BEIJING (Reuters) -China-based Ninestar Corp plans to sell printer and printing software maker Lexmark International II to Xerox in a deal estimated at up to $150 million, a fraction of the price Xerox disclosed in December.
Ninestar said in an exchange filing on Wednesday that it has estimated the transaction price to range from $75 million to $150 million, based on Lexmark's latest operational status.
Xerox said last December it had agreed to buy Lexmark in a deal valued at $1.5 billion, including assumed liabilities from Ninestar, private equity firm PAG and Shanghai Shouda Investment Centre, to expand its presence in Asian markets.

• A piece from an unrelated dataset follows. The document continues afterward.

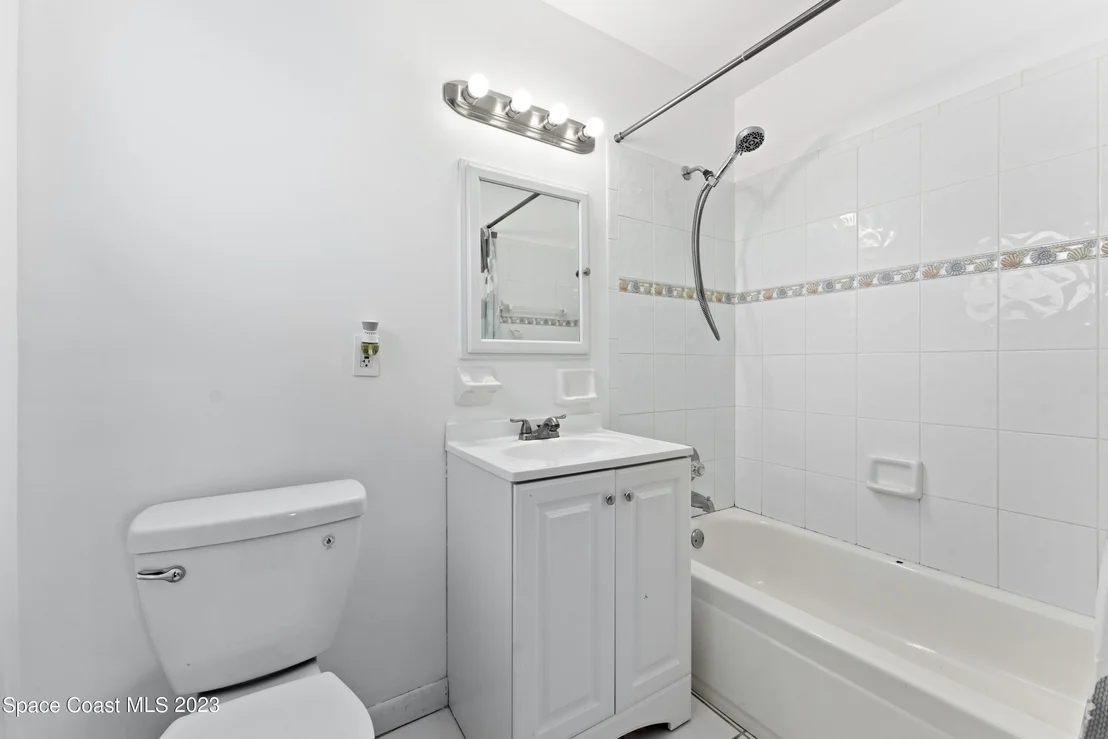 Photo of 1155 Wild Rose Drive NE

In a December stock exchange filing, Ninestar said that the transaction price was calculated based on the $1.5 billion base figure, the company's adjusted net operating capital, and estimated cash on the transaction day, with Lexmark's debt and transaction fees deducted from the total amount.
Formed out of IBM in 1991, Lexmark was sold to a group of Chinese investors in a $3.6 billion deal in 2016. The deal would bring Lexmark back to U.S. ownership.
Xerox had expected the deal to immediately aid profit and deliver more than $200 million in annual cost savings, including by helping cut marketing and real estate expenses, the December announcement showed.